Собеседники должным образом оценивают это шутливое простительное лицемерие. Леня снисходительно улыбается, а Валерий Ефимович по своему обыкновению добродушно похохатывает.

— Автопробег они затеяли, — ерническая сварливость все больше увлекает главного, как всегда, в простонародном его лице, в морщинах, избороздивших лоб, в одутловатости щек мне чудится лукавство придирчивого мастерового или же сельского человека — тракториста либо пастуха, — автопробег по бездорожью и разгильдяйству. А какое же это разгильдяйство, если в каждом городе вам номер с ванной готов и полное техобслуживание в обкомовском гараже?
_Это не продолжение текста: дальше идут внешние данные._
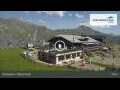 Webcam Adelboden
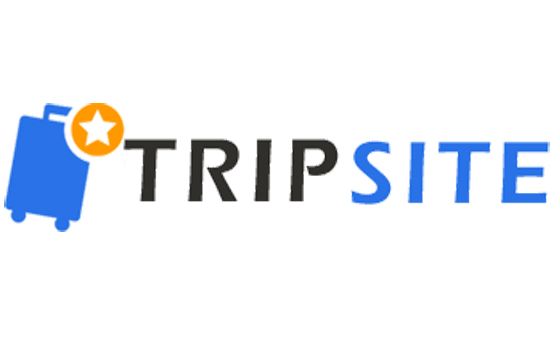 Tripsite.co.uk Tripsite.co.uk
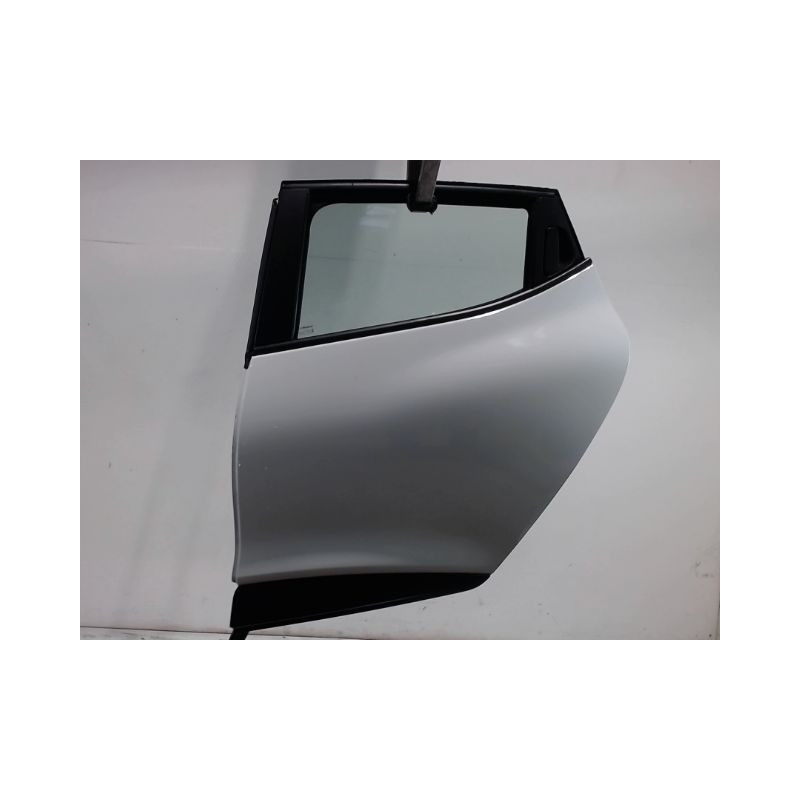 PORTE ARRIERE GAUCHE RENAULT CLIO
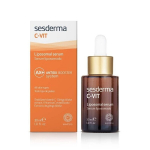 Liposoomseerum Sesderma C Vit Ax+ Liposomal Serum, 30ml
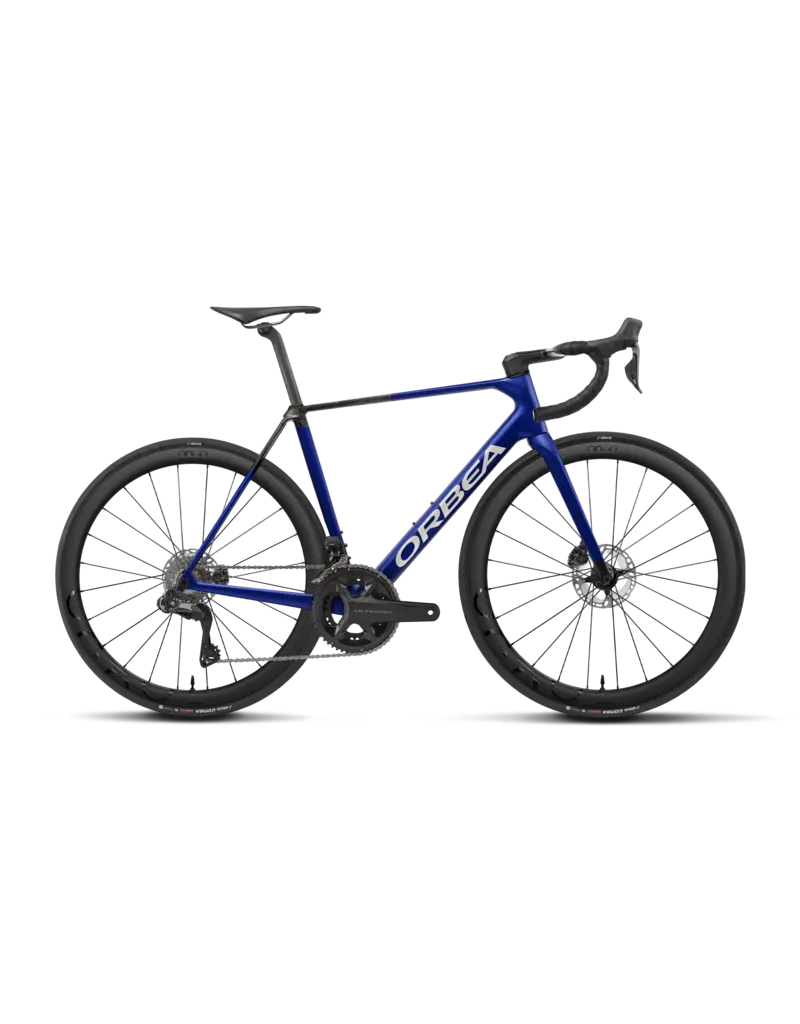 Orbea Orbea Orca M20i Team 2027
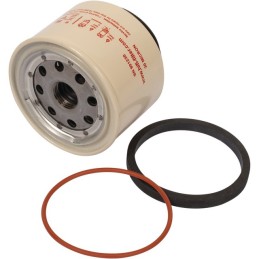 FILTRE CARBURANT R12P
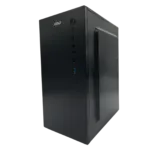 CASE JEMIP OFFICE SOBER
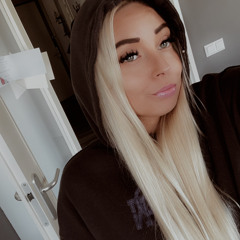 W.L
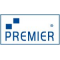 Premier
Да и бездорожья-то небось в помине не осталось…

Тут уж я протестующе открываю рот, не в силах сносить такую лакировочную напраслину, пусть даже и в шутливом тоне произнесенную, однако редактор упреждает мои возражения:

— Знаю, знаю, не ерепенься, и бездорожья хватает, и разгильдяйства еще пруд пруди. Но ты на той неделе автопробег совершил, а я сорок лет назад с гаком. Песню про Чуйский тракт слышал? Если «АМО» «форда» перегонит и все такое прочее, про Раю, про Кольку Снегирева. Так вот я на этих самых «АМО» и «газонах» там и колесил. Быки — вот тебе и все техобслуживание. Да еще верблюды — это уже в Каракумах. Басмачи нас обстреливали, муллы с минаретов своих проклинали, запчастей не хватало — можете себе представить, в кузнях средневековых ремонтироваться наловчились. Колхозы на ходу организовывали, лекции читали, за Осоавиахим и Автодор агитацию развернули. «Даешь автомобилизацию всей страны!», «Автомобиль — вот транспорт в социализм!» — и никаких гвоздей А ты говоришь — лучшие дни! Вот они когда еще мною пережиты! И между прочим в каждом номере «Комсомолки» заметка-корреспонденция или репортаж, — кто интересуется, может заглянуть в подшивку за тридцать третий год…

— Счастливая журналистская судьба, — замечает Валерий Ефимович с неподдельным восхищением.

Главный в задумчивости снимает очки, часто-часто моргает неожиданно беззащитными, усталыми, слезящимися глазами. «Ну, счастливая, не счастливая, и посчастливей бывали, но жаловаться не приходится, повидали кой-чего, побродили по белу свету…» А я стараюсь тем временем уразуметь, куда же он все-таки клонит, ведь не для этих же элегических воспоминаний, сдобренных невольной отцовской дидактикой, вызвал он меня в кои-то веки. Во всяком случае, разносом дело не пахнет, с чего бы тогда ему разводить всю эту ироническую лирику?

Главный меж тем поверх всех присутствующих смотрит в бесцветное осеннее небо за окном.

— Вам, молодым, вроде бы легче теперь. Со знаменитостями на «ты», на конгрессах да форумах разных запросто околачиваетесь, сегодня кинофестиваль, завтра, глядишь, пчеловоды со всего мира соберутся. Об этих я уж и не говорю, о борцах за серебро и золото… В командировки вон на реактивных летаете, в гостиницах интуристских ночуете, не как мы в сельсовете на столе, под кумачовым знаменем. Опять же телетайпы, машинки, диктофоны, хочешь — сам стучи двумя пальцами, хочешь — диктуй, на диване лежа.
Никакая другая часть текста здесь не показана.